Jenny operates a small trading business.
On 29 February 2024, Jenny received a bank statement showing a credit balance of $1367. In her cash book, the bank column on the same date showed an overdraft of $1933.
When she compared the two records, she found the following items on the bank statement but not in her cash book:
February 26 M Stores, a credit customer, paid by bank transfer $1900
February 26 Interest received $358
February 27 A cheque that had already been received from C Stores was dishonoured $1121
February 28 Bank charges $125
February 28 A direct debit for electricity was taken $290
The following items were in her cash book but not on her bank statement:
February 23 A cheque paid to B Properties $1025
February 27 A payment by credit transfer to cover rent and insurance $2300
February 28 A cheque received from a credit customer Y Traders was paid into the bank $792
During her checking, she identified the following error:
A cheque payable to D Sports $45 had been entered in the bank column of her cash book.
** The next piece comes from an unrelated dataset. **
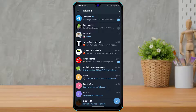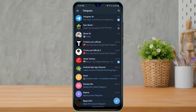Once you download the application, open it and make sure that you are logged into your account, because if you're not logged in you will not be able to scan a QR code and log into your desktop or laptop. Once you log in, you can see this is how the home interface of the application looks like.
That cheque had actually been written from her personal account to pay for her gym membership.
(a)[7]
Update the bank column in Jenny’s cash book, balance it, and carry the figure down on 1 March 2024.
(b)[5]
Prepare a bank reconciliation statement at 29 February 2024. Start from Jenny’s bank statement balance.
(c)[2]
Suggest two benefits of preparing a bank reconciliation statement.
(d)[1]
Explain why a bank overdraft is recorded as a debit balance on a bank statement.
(e)[5]
Advise Jenny whether she should inject extra capital to clear her bank overdraft. Justify your answer.